Les urgences andrologiques n’ont pas été oubliées. Traumatismes génitaux et priapismes, souvent gérés tardivement faute d’orientation rapide, ont suscité des discussions nourries sur la place de la télé-expertise et sur les protocoles de transfert vers des centres dotés d’équipes pluridisciplinaires.
Focus sur l’uro-oncologie
La prévalence élevée du cancer de la prostate en Afrique centrale a dominé les débats de la session uro-oncologique. Les orateurs ont insisté sur la valeur du PSA combiné au toucher rectal, ainsi que sur l’intérêt croissant de l’IRM multiparamétrique dans les grands centres urbains.
Les tumeurs du rein, de la vessie et du testicule ont aussi été actualisées. Les intervenants plaident pour mutualiser les plateformes de pathologie et intégrer progressivement la laparoscopie, tout en maintenant la chirurgie ouverte là où l’accès aux équipements reste encore limité.
Lithiase et chirurgie : innovations partagées
La troisième journée a mis l’accent sur la lithiase urinaire, pathologie fréquente mais souvent diagnostiquée tardivement. Les présentations décrivent des calculs géants et des infections sévères, rappelant l’importance de protocoles de suivi nutritionnel et d’imagerie à moindre coût.
En chirurgie, l’essor de l’endoscopie et du laser a été salué comme une avancée pour écourter les séjours. Les praticiens rappellent toutefois la place incontournable de la chirurgie ouverte, garante d’un accès équitable aux soins spécialisés dans de nombreux services.
Uropédiatrie et infections complexes
Les pédiatres-urologues ont partagé des cas rares tels que la duplicité urétrale ou l’abcès rénal chez l’enfant. D’autres communications ont détaillé la prise en charge de gangrènes de Fournier, soulignant l’importance d’une coordination rapide entre urgentistes, réanimateurs et chirurgiens pour éviter la morbidité.
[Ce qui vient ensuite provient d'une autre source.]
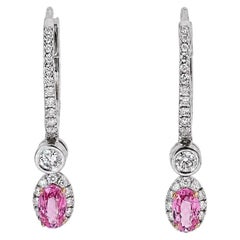 Oval Pink Sapphire Natural Diamond Halo Earrings in 14k Solid Gold (Certified)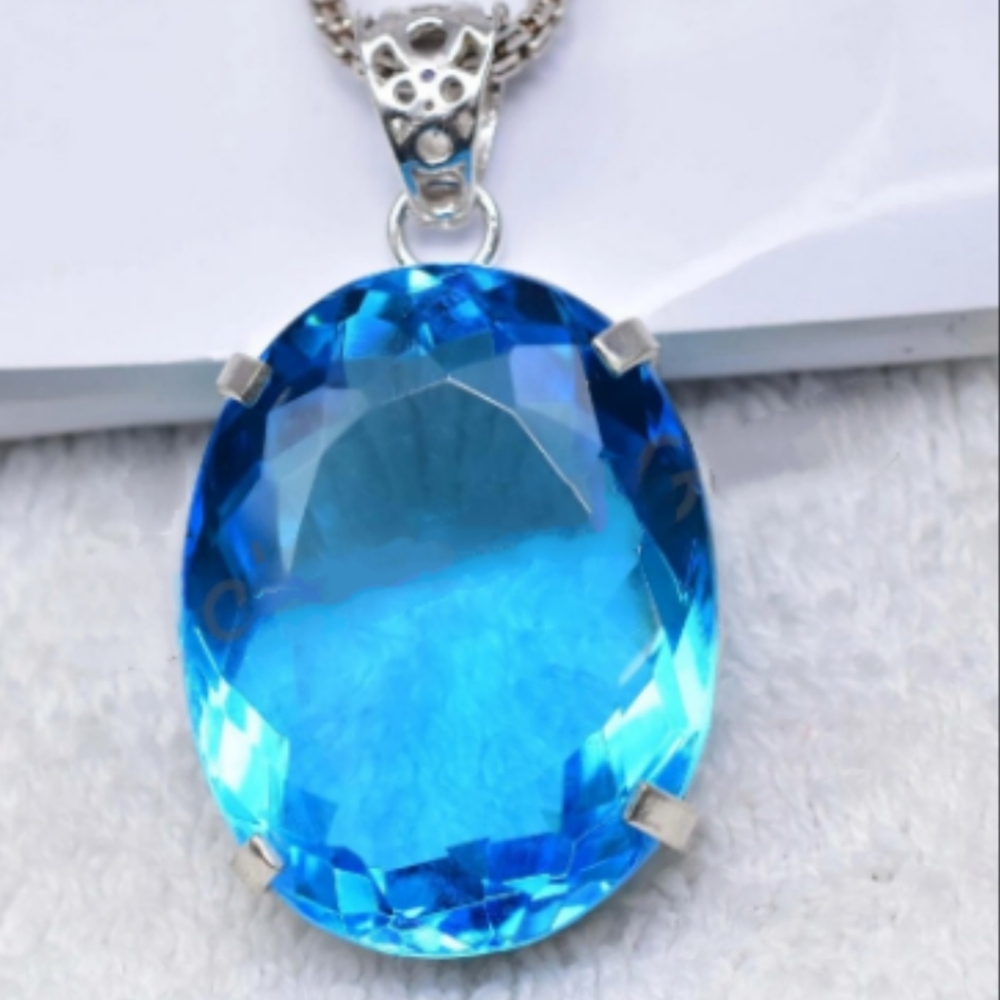 Blue Tourmaline Gemstone 925 Sterling Silver Handmade Pendant Necklace - Picture 3 of 7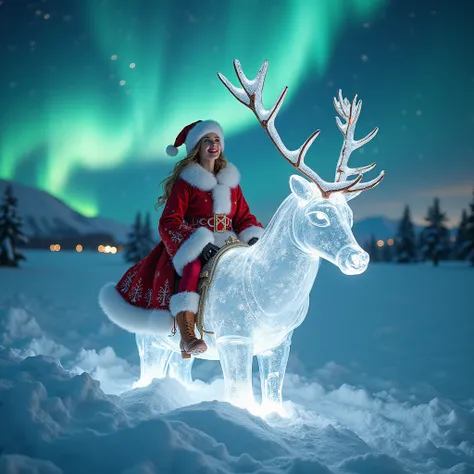 Northern Europe,
Woman dressed as Santa Claus,
(riding an ice reindeer,
transparent ice reindeer),
Aurora background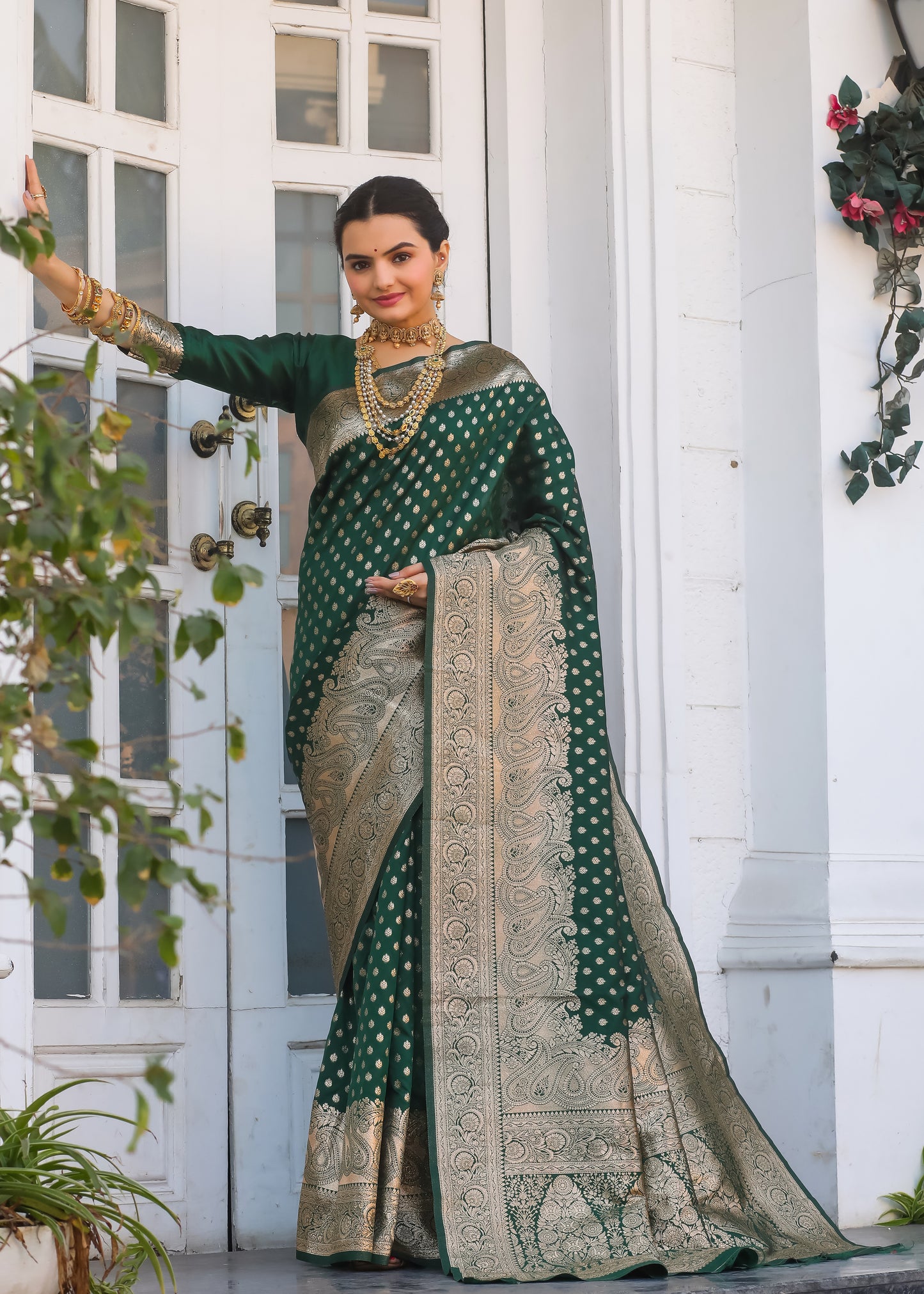 Bottle Green Katan Litchi Silk Banarasi Saree with Zari Butta Woven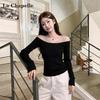 La Chapelle Women's Slim Fit V-Neck Long Sleeve T-Shirt with Mesh & Rhinestone Embellishment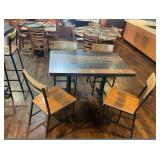 Oak Street Manufacturing Fortress Series Wood Table Top & Oak Street Industrial Series Dining Chairs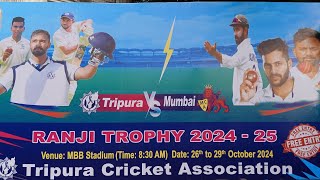 Ranji Trophy Tripura vs Mumbai at MBB Stadium [upl. by Millisent]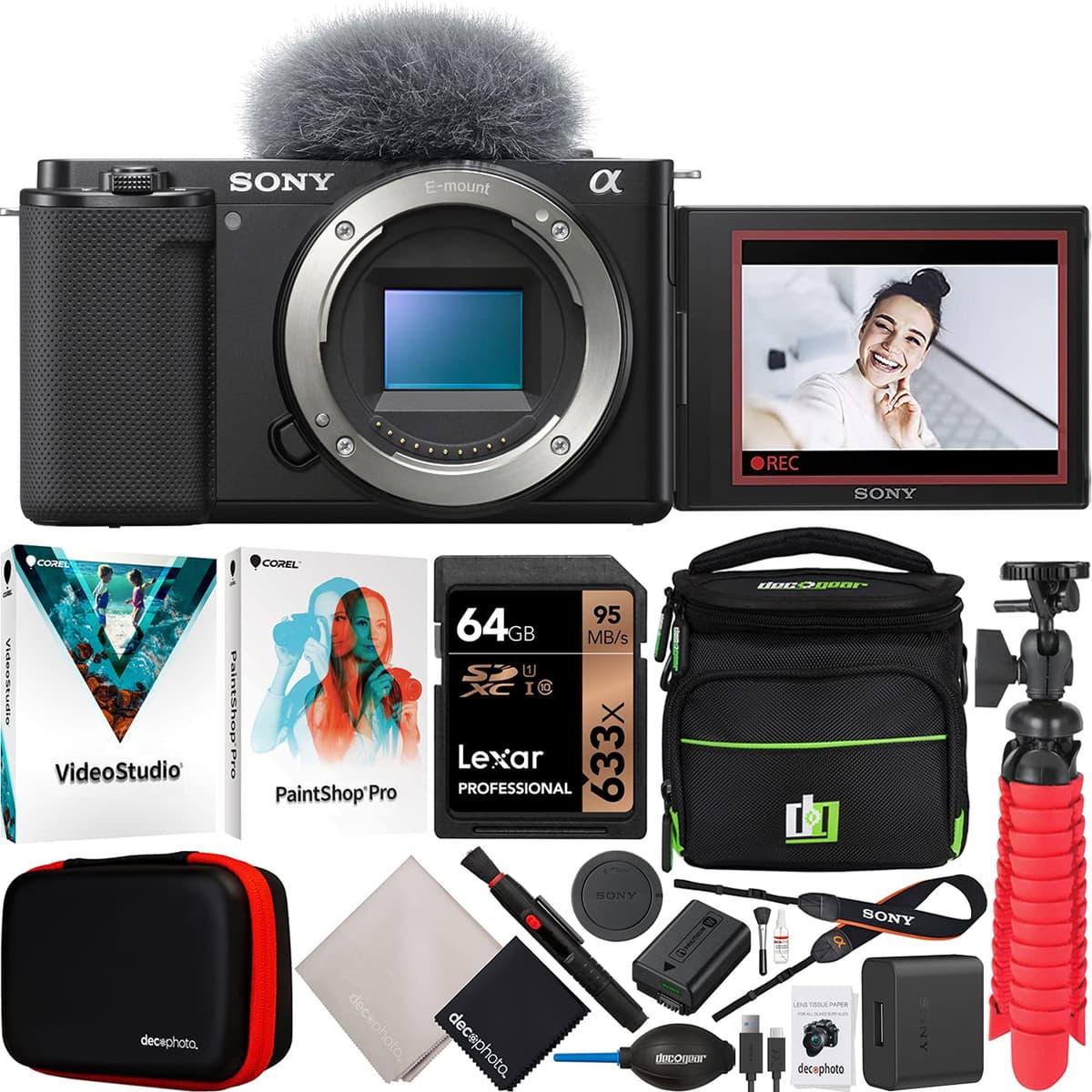 Sony Alpha ZV-E10 Cámara Mirrorless APS-C de Lentes Intercambiables para Vlog, solo cuerpo ILCZV-E10/B Negro, bundle con estuche Deco Gear, software de foto y video, trípode compacto y kit de accesorios E4SNILCZVE10B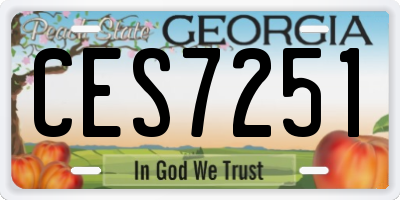 GA license plate CES7251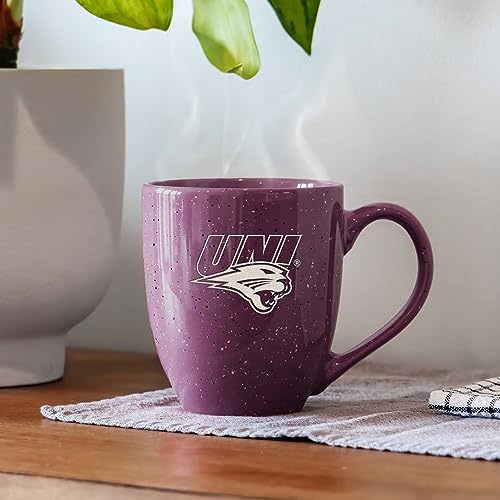 Image of Rico Industries NCAA Northern Iowa Panthers Purple Personalized 16 oz Team Color Laser Engraved Speckled Ceramic Coffee Mug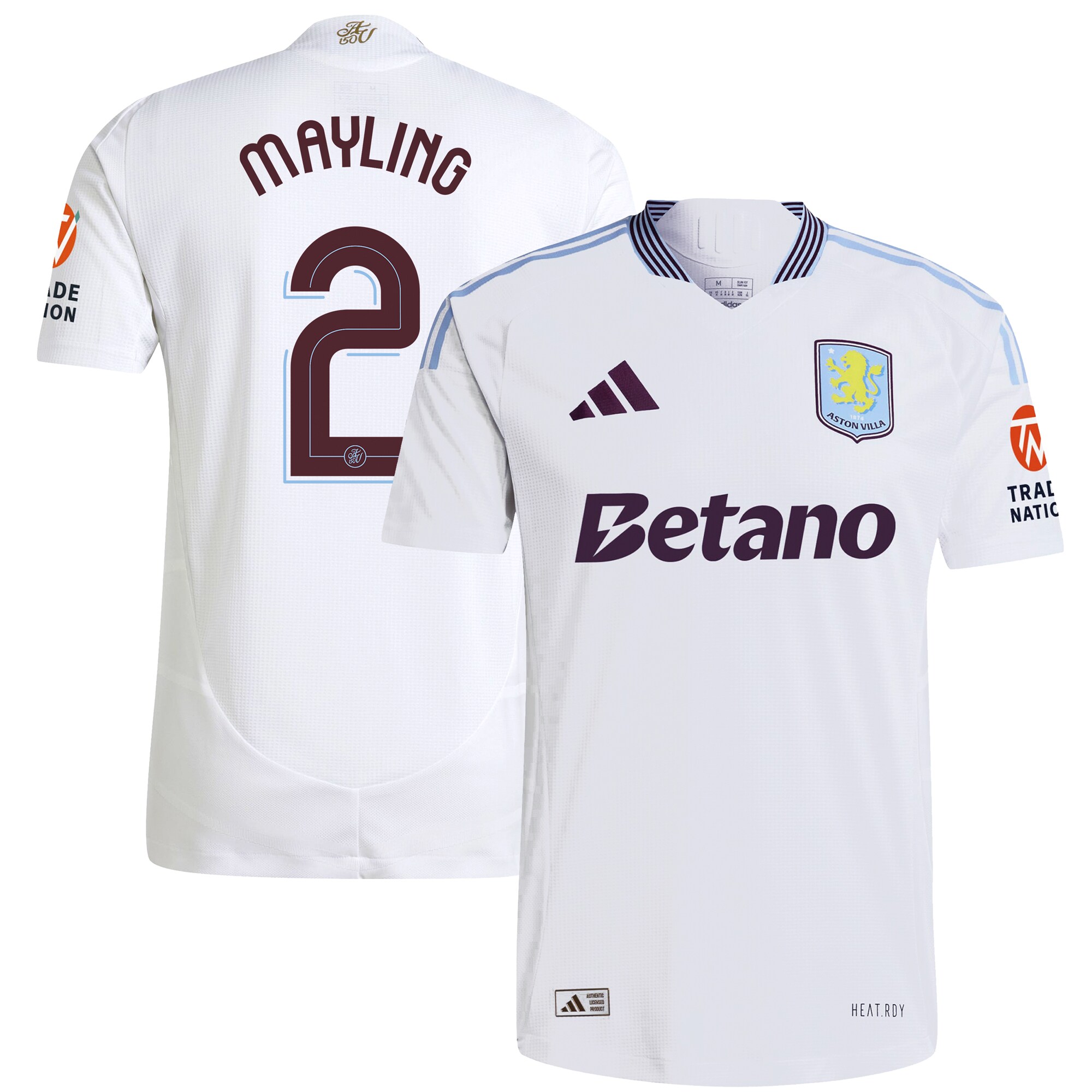 Aston Villa Jerseys - Official aston villa adidas away authentic shirt 2024-25 with mayling 2 cup printing Collection for AVFC Fans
Les intervenants ont par ailleurs insisté sur la vigilance face aux antibiotiques, en raison de résistances croissantes. La mise en place de comités d’antibiothérapie et d’audits réguliers a été présentée comme un outil stratégique pour harmoniser les prescriptions et préserver l’efficacité des traitements.
Trois leçons clés pour l’avenir
Au moment de la synthèse, le maître de conférences agrégé Stève Aristide Ondziel-Opara a dressé un tableau contrasté. Faible disponibilité d’équipements modernes coexiste avec un dynamisme scientifique manifeste. Il en ressort trois priorités: dépistage précoce, approche multidisciplinaire et renforcement des compétences techniques, notamment endoscopiques.
Selon lui, l’expérience accumulée pendant le congrès doit dépasser le cadre académique pour irriguer les structures périphériques. Des programmes de formation continue, adossés aux universités et aux sociétés savantes, pourraient accélérer la diffusion des bonnes pratiques et réduire les inégalités d’accès aux soins.
Vers une coopération renforcée
En clôturant les travaux, le professeur Alain Prosper Bouya a invité les délégations à capitaliser sur l’esprit de collaboration né à Brazzaville. Il a rappelé que l’urologie, discipline exigeante, nécessite passion et abnégation pour surmonter les défis structurels propres aux systèmes de santé africains.
Dans les mois à venir, la Société d’urologie du Congo ambitionne de proposer des webinaires trimestriels et des missions d’expertise dans les hôpitaux de province. Ces initiatives visent à pérenniser l’élan du congrès et à favoriser l’émergence d’une recherche collaborative régionale.
Plusieurs participants ont déjà annoncé la création d’un groupe de travail francophone sur le cancer de la prostate, chargé d’élaborer des recommandations adaptées aux réalités économiques. Les experts espèrent ainsi réduire le délai diagnostique et harmoniser les protocoles thérapeutiques d’un pays à l’autre.
Au-delà de la technique, le congrès a confirmé qu’une politique concertée de santé publique, portée par les gouvernements et soutenue par les sociétés savantes, demeure indispensable. Le rendez-vous est déjà fixé pour une troisième édition, avec l’espoir d’y présenter de nouveaux succès partagés.